商業施設中心、低地、物流の資産クラスに投資
ケネディクス商業リート投資法人 (3453)はケネディクス株式会社をスポンサーとするJ-REITです。ケネディクス株式会社は他にも、ケネディクス・レジデンシャル・ネクスト投資法人(3278)、ケネディクス・オフィス投資法人(8972)という兄弟リートも上場させています。
今回紹介するケネディクス商業リートでは、食品スーパーや専門店などの商業施設、低地、物流等を投資対象しています。
新型コロナウィルスの影響でリート市場が苦しむ中、同投資法人も同じく株価が下がっています。
しかし生活密着型の商業施設を中心に投資する同投資法人では、テナントが受けるダメージが少ないことも予想され、加えて2018年6月にはE-コマースが生活の一部へと浸透する中、それを支える心臓部と言える中規模クラスの物流施設にも投資し、重要性を増す物流で底上げを狙います。

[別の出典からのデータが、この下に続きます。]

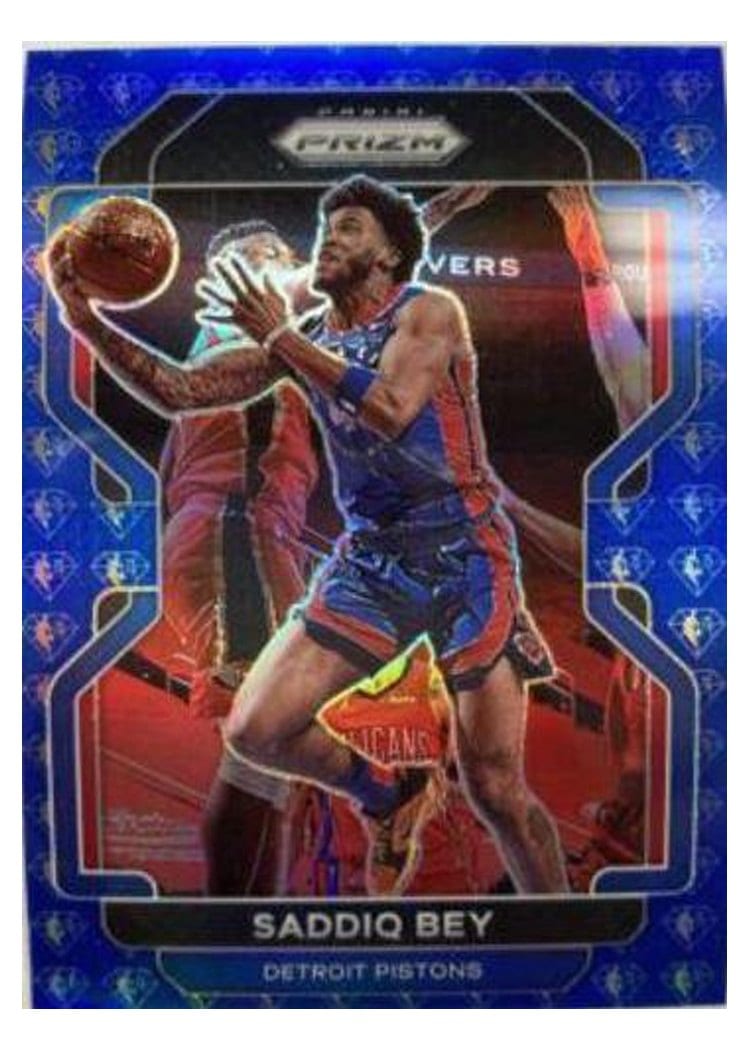 2021-22 Panini Prizm Base Set Saddiq Bey #193 card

他にも、土地のみを取得して、低地契約(事業用定期借地権設定契約)にも力を入れています。低地契約では建物はテナントが建築して所有するため、退去リスクが低く安定的な借地料を徴収することができます。
投資対象地域・エリアポートフォリオ
ケネディクス商業リートの投資対象地域は、四大都市圏(首都圏・大阪圏・名古屋圏・福岡圏)を中心としています。それらの指しているエリアは下記となっています。
◯四大都市圏
・首都圏46.8(東京都・神奈川県・埼玉県・千葉県)
・大阪圏20.1(大阪府・京都府・兵庫県・奈良県・滋賀県)
・名古屋圏10.3(愛知県・岐阜県・三重県)
・福岡圏3.5(福岡県)
・その他19.3%(政令指定都市・中核都市)
ケネディクスの業績予想、分配金(配当)
ケネディクス商業リートの分配金(配当)は、順調に伸びていることが分かります。巡航分配金6,500円の目標を1年前倒しで達成し、3~5年後には7,000円の分配金を目指すとしています。今後のコロナの影響がどう分配金に影響してくるかに注目です。
ケネディクスのリスク度合い(格付けと日銀・LTV・含み損比率)
続いてケネディクスのリスクを測るために、格付け、LTV(Loan to Value)と含み損比率を見てみましょう。

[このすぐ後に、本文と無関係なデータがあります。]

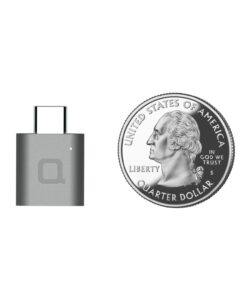 Alternative view of nonda USB-C to USB 3.0 Adapter,Thunderbolt 3 to USB Female Adapter OTG for MacBook Pro2019,MacBook Air 2020,iPad Pro 2020,More Type-C Devices(Space Gray) Space Grey 1 Count (Pack of 1)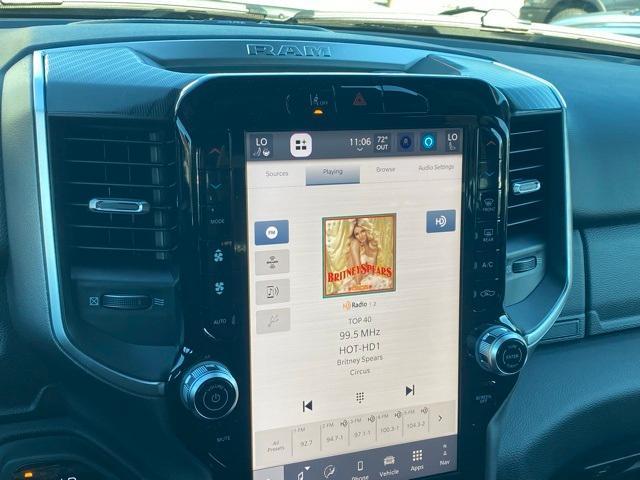 new 2025 Ram 1500 car, priced at $44,313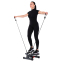 Степпер с эспандерами и встроенным мини-компьютером BODY SCULPTURE BJBS-1320HAR-B TWIST STEPPER 27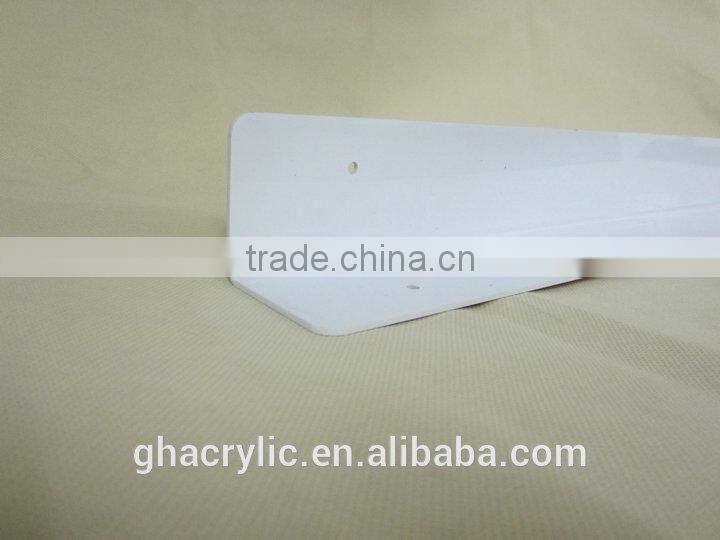 2014 Shenzhen factory direct sale acrylic corner protection strip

まずはJCRの格付けを見てみると、ケネディクス商業リート投資法人は、2019年12月24日付けで「A+」をキープしています。
(参考記事→世界の格付け機関のランキング方法)
ケネディクス商業リートの格付けが「A+」ということで、日銀(日本銀行)によるJ-REITの買付け対象銘柄にはなっていません。
日銀のETFやJ-REITの買付ルールなどついて詳しく知りたい方はこちらへ
(参考記事→日銀、J-REITの買付ルールと買付銘柄について)
LTV(Loan to Value)の推移とLTVコントロール
ケネディクス商業リートのLTVは原則として60%を上限としています。現在は45%ほどとなっています。J-REIT平均値と同じ水準です。
LTV(Loan to Value)ですが、日本では「総資産有利子負債比率」と言われ、J-REITの借金比率を表す重要な指標となります。
含み損比率(鑑定評価額の推移)
ケネディクス商業リートの含み損比率ですが、約8.5%の含み益が出ていることが分かります。徐々に評価額が上がっています。
含み損益比率8.5%というのは、例えば過去に1億円の不動産を買ったとして、もしそれを今、売却をしようとすると1億0,8500万円で売れるという査定評価になる、という指標です。
今後のコロナの影響がどう含み損比率に出てくるか注目です。
ケネディクス商業リートまとめ
以上、ケネディクス商業リートの中身を見てきました。
J-REIT銘柄の中、本来ならコロナの影響を受けない投資対象としている同投資法人ですが、かなり株価は下がっています。
他の各リート銘柄とともに、今回の大暴落をチャンスと見るかは面白いところです。